Co-Authored-By: Claude Opus 4.8 (1M context) &lt;noreply@anthropic.com&gt;
diff --git a/docs/helix/02-design/adr/ADR-007-raw-to-ingest-sql-artifact.md b/docs/helix/02-design/adr/ADR-007-raw-to-ingest-sql-artifact.md
@@ -0,0 +1,73 @@
+# ADR-007: Raw-to-Ingest Transforms as Committed SQL Artifacts
+
+## Status
+
+Accepted — default path for all pipelines going forward.
+
+## Context
+
+The Bronze.Raw -> Bronze.Ingested transform (type casting, format-aware date/timestamp
+parsing, currency/empty-string normalization, dedup, and the write into the typed table)
+has historically been expressed as **PySpark Column-API logic** in `casting_utils.py`,
+applied row-by-row by a downstream orchestrator (pulseflow's Phase 8 `TypeConverter`) and
+mirrored by Great Expectations validation (`ExpectColumnValuesToCastToType`).
+
+This couples every pipeline to:
+
+- a Python/PySpark runtime (the library must be installed and importable on the cluster),
+- the Column-API capability-probing path (Spark classic vs Connect differences), and
+- a transform that is **not reviewable or runnable on its own** — you cannot read a diff of
+  "what the ingest step does" without reading Python.
+
+For Databricks pipelines (Git folders + notebooks, DBR 17.x / Spark 4.0) the ingest step is
+naturally pure SQL. We already commit generated SQL for Gold tables (`SQLPlanGenerator`);
+the raw->ingest step should be no different.
+
+## Decision
+
+**The canonical raw->ingest transform is a committed, generated SQL artifact**, produced from
+the UMF spec and run independently of this library. Python's role is to *generate* the
+artifact, not to wrap it at runtime.
+
+- `casting_utils.cast_column_sql()` is the canonical cast expression (plain Spark SQL). It
+  shares `convert_umf_format_to_spark()` with the runtime caster `cast_column_with_format()`,
+  so date/timestamp formats are guaranteed identical.
+- `schemas/ingest_generator.generate_ingest_sql(umf)` emits the full artifact
+  (Databricks/Delta dialect): a `raw_<table>` landing table (all `STRING` + ingest metadata),
+  a typed `ingested_<table>` target table, and a cast + write transform that branches on
+  `ingestion.mode` and `primary_key`:
+    - incremental + primary_key  -> dedup-latest then `MERGE` (upsert)
+    - incremental, no primary_key -> blind `INSERT INTO` (with a warning comment)
+    - snapshot                    -> `INSERT OVERWRITE` (drop/reload)
+- Surfaced as `tablespec generate <umf> -f ingest` and exported from the public API
+  (`tablespec.generate_ingest_sql`).
+- Golden tests under `tests/golden/ingest_sql/` make every change to the transform a
+  reviewable diff against checked-in `.expected.sql`.
+
+### Going forward
+
+1. **All pipelines** generate and commit the raw->ingest `.sql` artifact (like Gold), and the
+   warehouse runs the SQL. No `pip install tablespec[spark]` on the cluster for ingest.
+2. **pulseflow's `TypeConverter`** is migrated to execute the generated SQL (against a temp
+   view / Delta table) instead of applying Column-API casts.

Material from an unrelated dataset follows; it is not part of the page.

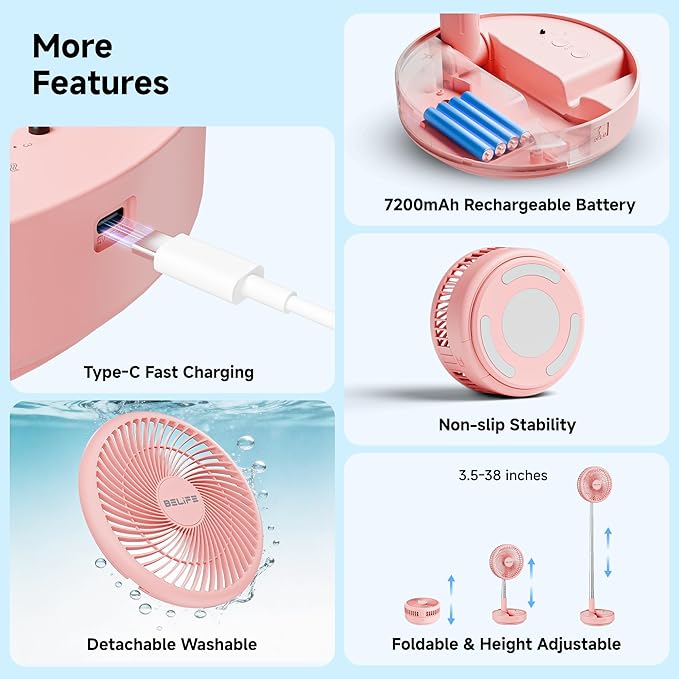 Belife X8 Portable Fan, 7200mAh Battery Powered Rechargeable, Oscillating USB Desk Floor Fan with Remote, Foldable Telescopic Fan for Home Bedroom Sleeping Office Camping Travel, 7.7" (Pink)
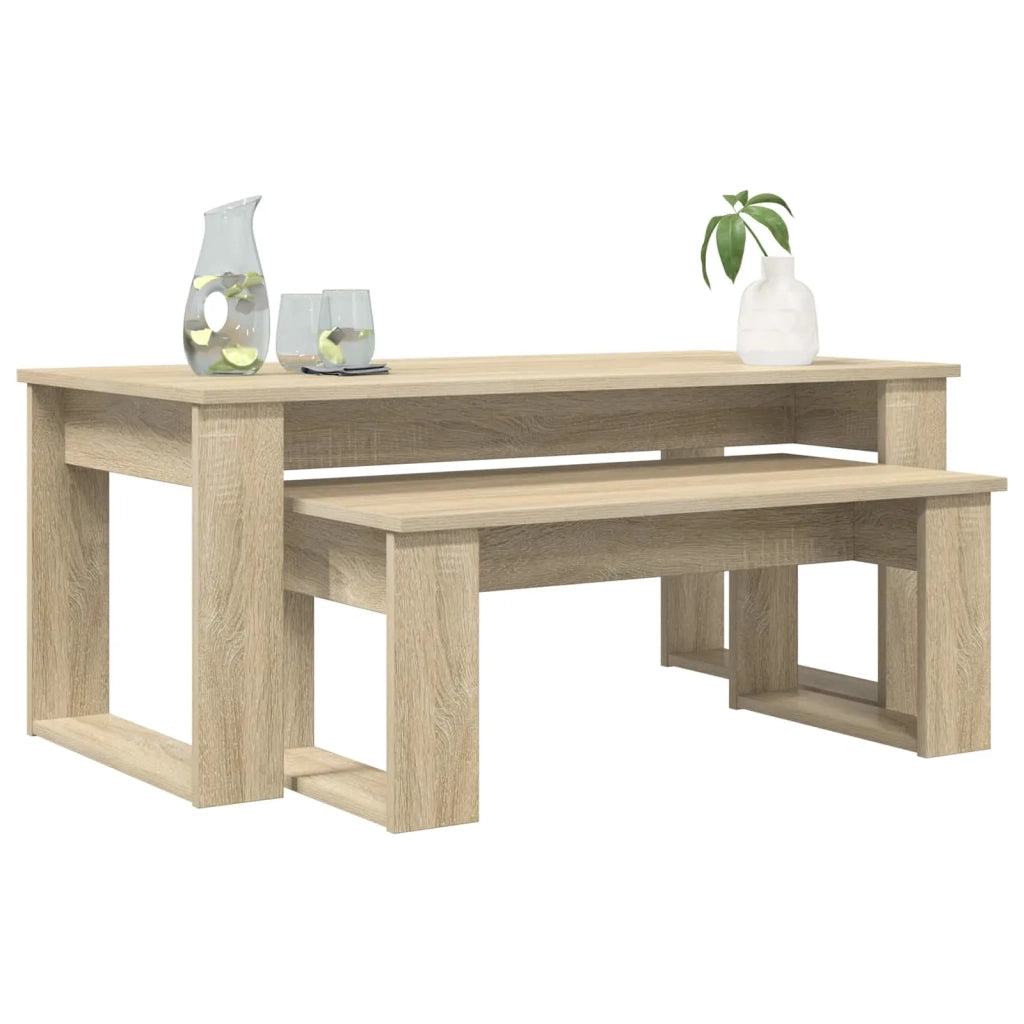 Set di Tavolini da Caffè 2 pcs Rovere Sonoma Legno multistrato 8000134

+3. **Single source of truth** is preserved: the runtime caster and GX validation converge on
+   `cast_column_sql` (e.g. via `selectExpr`), so "validation tests exactly what ingestion
+   does" continues to hold — now with the additional guarantee that the committed SQL is
+   exactly what runs.
+
+## Consequences
+
+- **Positive:** ingest logic is reviewable and independently runnable; no library runtime on
+  the cluster; one canonical cast; diff-based review via golden files; Databricks-native.
+- **Negative / follow-up:** `cast_column_sql` currently covers the common cast paths
+  (`cast_column_with_format`); the richer fallback casters (flexible-format coalesce,
+  epoch-ms, Excel-serial) and snapshot "latest file" filtering are follow-ups. The runtime
+  caster has not yet been refactored to consume `cast_column_sql` — until it is, the two are
+  kept in parity by tests.
+- **Type fidelity:** the typed target DDL uses Spark-correct types (e.g. `DATETIME ->
+  TIMESTAMP`), unlike `generate_sql_ddl` which emits a literal `DATETIME`.
+
+## Related
+
+- ADR-002 (GX 1.6 format), ADR-005 (unified expectation model — Bronze.Raw/Ingested stages).
+- `src/tablespec/schemas/ingest_generator.py`, `src/tablespec/casting_utils.py`.